--- RECORDS PROVIDED ---
= = = = =

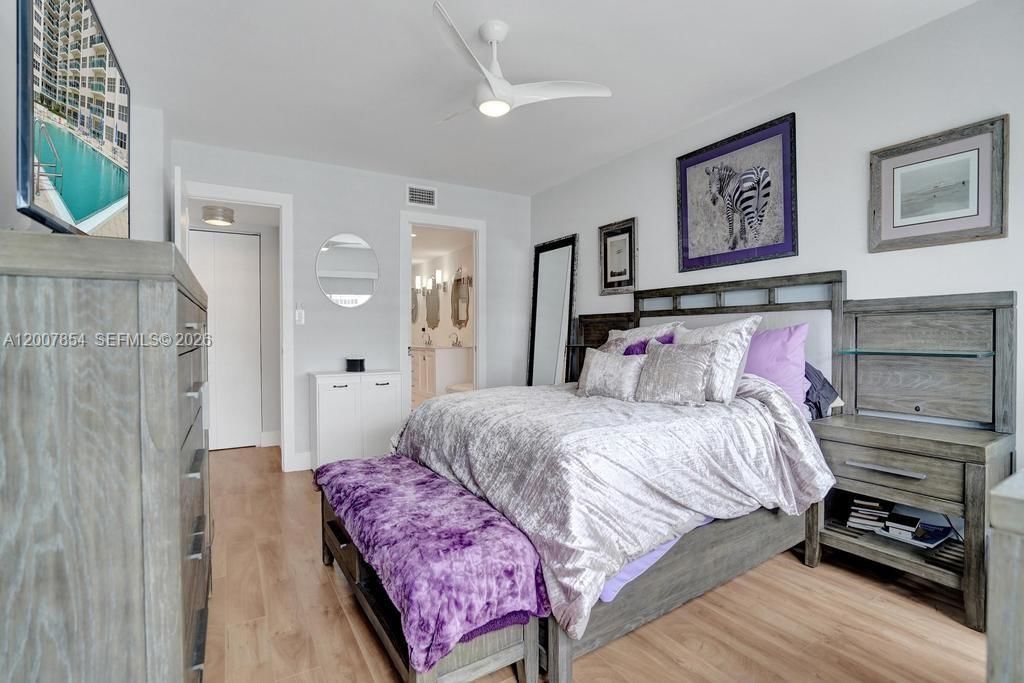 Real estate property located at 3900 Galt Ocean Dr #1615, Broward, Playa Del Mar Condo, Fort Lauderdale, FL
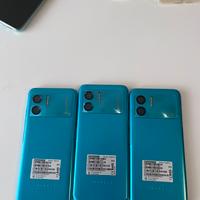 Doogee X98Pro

= = = = =

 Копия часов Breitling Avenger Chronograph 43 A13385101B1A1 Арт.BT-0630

= = = = =

--- EXERCISE BRIEF ---
Copy the entries above exactly, but only the stretch from the line containing "Real estate property" through the line containing "Doogee X98Pro". Keep both end lines; drop the pictures.

--- EXERCISE SOLUTION ---
 Real estate property located at 3900 Galt Ocean Dr #1615, Broward, Playa Del Mar Condo, Fort Lauderdale, FL
 Doogee X98Pro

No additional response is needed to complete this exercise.